Retrato de Michael Lauber
Michael Lauber, procurador-geral da Confederação Keystone / Peter Klaunzer

Foi iniciado um processo de afastamento contra o Procurador-Geral da Confederação, Michael Lauber, devido às suas reuniões secretas com o presidente da Federação Internacional de Futebol (FIFA). O Ministério Público está investigando inúmeros casos de corrupção em conexão com a FIFA, aqui resumidos.


A parte suíça das investigações da FIFA começa com uma ação espetacular que foi noticiada em todo o mundo: em 27 de maio de 2015, a polícia invadiu o Hotel Baur au Lac em Zurique e prendeu sete funcionários da FIFA e de suas organizações afiliadas. A Justiça suíça agiu a pedido das autoridades americanas, que suspeitavam que esses indivíduos teriam aceitado subornos e comissões desde os anos 1990.

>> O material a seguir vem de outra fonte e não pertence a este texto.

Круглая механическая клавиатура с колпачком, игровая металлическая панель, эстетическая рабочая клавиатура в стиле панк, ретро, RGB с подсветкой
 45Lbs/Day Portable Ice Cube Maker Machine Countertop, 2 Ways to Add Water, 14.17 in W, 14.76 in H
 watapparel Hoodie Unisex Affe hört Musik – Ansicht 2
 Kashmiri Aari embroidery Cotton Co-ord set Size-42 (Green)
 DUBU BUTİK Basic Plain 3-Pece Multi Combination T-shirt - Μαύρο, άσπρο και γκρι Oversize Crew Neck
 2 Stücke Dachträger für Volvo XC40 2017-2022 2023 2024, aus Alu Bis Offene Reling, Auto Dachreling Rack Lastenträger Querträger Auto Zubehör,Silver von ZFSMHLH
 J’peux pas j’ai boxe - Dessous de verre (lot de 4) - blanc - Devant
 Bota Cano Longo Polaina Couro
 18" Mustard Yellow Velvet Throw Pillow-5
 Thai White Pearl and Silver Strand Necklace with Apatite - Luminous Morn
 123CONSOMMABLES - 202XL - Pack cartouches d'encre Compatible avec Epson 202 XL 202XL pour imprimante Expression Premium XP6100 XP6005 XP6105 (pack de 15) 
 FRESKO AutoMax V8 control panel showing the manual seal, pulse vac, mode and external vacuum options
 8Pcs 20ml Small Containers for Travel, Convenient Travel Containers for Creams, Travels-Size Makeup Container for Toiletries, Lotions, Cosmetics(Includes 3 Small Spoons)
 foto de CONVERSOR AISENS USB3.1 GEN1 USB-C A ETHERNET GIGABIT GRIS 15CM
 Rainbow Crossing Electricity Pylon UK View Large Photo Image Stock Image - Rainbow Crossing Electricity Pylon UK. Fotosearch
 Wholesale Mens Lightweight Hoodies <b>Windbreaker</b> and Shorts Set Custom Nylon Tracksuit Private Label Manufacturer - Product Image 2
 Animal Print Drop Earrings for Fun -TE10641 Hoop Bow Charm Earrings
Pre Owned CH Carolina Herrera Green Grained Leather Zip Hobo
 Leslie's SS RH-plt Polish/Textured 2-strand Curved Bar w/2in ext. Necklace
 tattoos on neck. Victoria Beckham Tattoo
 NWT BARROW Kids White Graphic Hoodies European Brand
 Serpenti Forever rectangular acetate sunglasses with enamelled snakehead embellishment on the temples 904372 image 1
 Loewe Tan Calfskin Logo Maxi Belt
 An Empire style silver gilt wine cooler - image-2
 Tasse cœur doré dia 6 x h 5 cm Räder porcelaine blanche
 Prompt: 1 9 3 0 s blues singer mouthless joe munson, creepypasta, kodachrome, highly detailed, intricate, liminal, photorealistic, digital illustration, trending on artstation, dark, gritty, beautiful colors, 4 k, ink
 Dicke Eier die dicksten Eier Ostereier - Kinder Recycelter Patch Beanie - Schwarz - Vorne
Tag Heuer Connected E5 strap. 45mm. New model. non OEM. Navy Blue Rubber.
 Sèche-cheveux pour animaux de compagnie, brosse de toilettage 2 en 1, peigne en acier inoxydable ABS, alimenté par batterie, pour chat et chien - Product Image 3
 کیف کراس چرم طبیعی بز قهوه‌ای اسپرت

A Procuradoria Geral da Confederação também abriu seu próprio processo criminal em 10 de março de 2015 por “gestão desleal” e lavagem de dinheiro. Suspeita-se de irregularidades na escolha de sedes da Copa do Mundo 2018 à Rússia e da Copa do Mundo 2022 ao Qatar. O Ministério Público da Confederação (MPC) aproveitou a batida policial no Hotel Baur au Lac para apreender documentos.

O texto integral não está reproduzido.